— «Тебе бы, мент, книги писать, цены б тебе не было». Так складно отзвонил, что даже я заслушался. А слово мое будет такое: за тридцатку отсиженных лет никто не скажет про Беса, что он был беспредельщиком или ландскнехтом наемным. Никогда ни по мусорским, ни по козьим нотам песен не пел. Поэтому расслабься, мент, никто тебя в нашей хате не тронет, но и руки никто не подаст. Жмых и Гуня, раздвиньтесь, пусть возле вас скатку кинет. Да времени зря не теряйте, чую, недолго он у нас после таких раскладов пробудет. Тащите приговоры и объебоны свои, пусть юрист, в кои-то веки честный и грамотный, жалобы да касачки вам пишет.
И как в чифирь глядел смотрящий, не прошло и часа, как открылась кормушка и Голицына заказали с вещами. Провожая Антона до дверей, Бес незаметно передал ему бритву и сказал на прощание:
— Спрячь, мент, под язык. Это твой самый последний аргумент в борьбе даже не за свою жизнь, а за то, что для мужика гораздо важнее, — честь. Запомни, на централе три пресс-хаты. Две на нашем корпусе и одна на пятом. Как только тебя подведут к этим хатам, сразу вскрывайся и на руках и на ногах. Их может остановить только кровь, много крови. В пресс-хате с тобой разбираться никто не будет. Удачи тебе, Князь, ох как она тебе сегодня ночью понадобится.

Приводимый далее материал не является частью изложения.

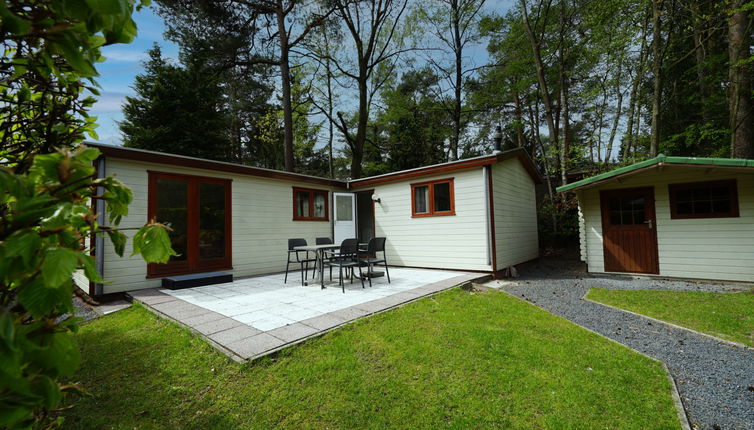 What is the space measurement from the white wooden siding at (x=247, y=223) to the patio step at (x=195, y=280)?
0.33m

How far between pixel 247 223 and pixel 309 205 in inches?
73.0

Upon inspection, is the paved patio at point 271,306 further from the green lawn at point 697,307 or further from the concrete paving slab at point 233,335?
the green lawn at point 697,307

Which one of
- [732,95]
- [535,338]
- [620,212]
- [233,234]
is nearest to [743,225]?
[620,212]

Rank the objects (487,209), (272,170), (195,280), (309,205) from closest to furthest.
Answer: (195,280)
(487,209)
(272,170)
(309,205)

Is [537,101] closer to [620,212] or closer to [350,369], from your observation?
[620,212]

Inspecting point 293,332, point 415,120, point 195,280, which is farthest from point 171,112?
point 293,332

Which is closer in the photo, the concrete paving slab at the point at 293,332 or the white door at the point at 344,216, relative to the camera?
the concrete paving slab at the point at 293,332

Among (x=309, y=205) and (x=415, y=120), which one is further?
(x=415, y=120)

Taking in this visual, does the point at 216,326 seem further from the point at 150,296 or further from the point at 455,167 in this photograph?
the point at 455,167

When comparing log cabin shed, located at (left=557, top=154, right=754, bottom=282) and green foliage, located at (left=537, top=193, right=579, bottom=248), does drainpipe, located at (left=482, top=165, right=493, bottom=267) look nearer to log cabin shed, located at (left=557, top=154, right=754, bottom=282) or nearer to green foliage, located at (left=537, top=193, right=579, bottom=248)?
log cabin shed, located at (left=557, top=154, right=754, bottom=282)

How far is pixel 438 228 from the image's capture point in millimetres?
7605

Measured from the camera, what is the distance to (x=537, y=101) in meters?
15.2

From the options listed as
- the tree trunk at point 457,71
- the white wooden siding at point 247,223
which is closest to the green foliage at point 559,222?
the tree trunk at point 457,71

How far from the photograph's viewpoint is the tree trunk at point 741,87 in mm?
7027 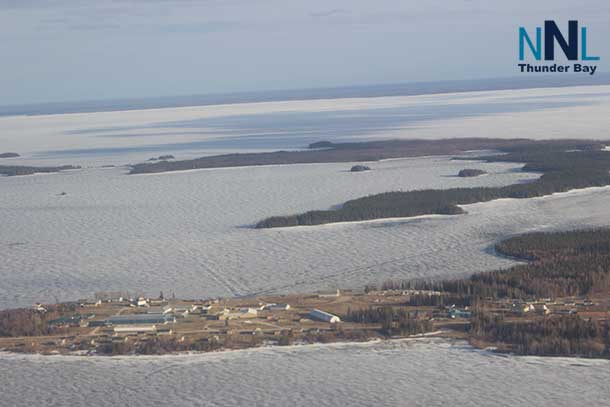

— И тебе, Бес, не хворать.
Пройдя по коридору в сопровождении все того же бесформенно-бесполого контролера, Антон остановился у камеры, номер которой ему только что назвал Бес. Контролер широко открыл дверь и посторонился, пропуская Голицына. То, что увидел Антон, потрясло его воображение. В чистой, оклеенной красивыми обоями камере сидели всего пять человек. Трое огромных амбалов играли в карты за столом напротив двери, а двое, лежа на нарах, делали вид, что читают. Антона поразил не плазменный телевизор, не большой холодильник и прочие запрещенные режимом содержания вещи. Его поразила большая банка детского крема, стоящая на столе.
Так как арестованный замешкался, прапорщик попробовал подтолкнуть его. Антон, не оборачиваясь, схватил прапорщика за руку и неожиданно, сделав шаг в сторону, с силой толкнул его в камеру, резко захлопнул дверь и закрыл ее на два засова. Затем, не обращая внимания на крики и удары, доносящиеся из камеры, достал изо рта бритву, глубоко разрезал себе кожу на левом запястье, нажал на тревожную кнопку вызова спецназа, торчащую в стене, присел на корточки и истерично расхохотался. Антон не слышал грохота сапог бежавшего к нему спецназа. Он сидел, прислонившись к стене, и, продолжая тупо хохотать, пораженно смотрел, как из глубокого разреза мощными толчками вытекает красная от стыда и удивления кровь.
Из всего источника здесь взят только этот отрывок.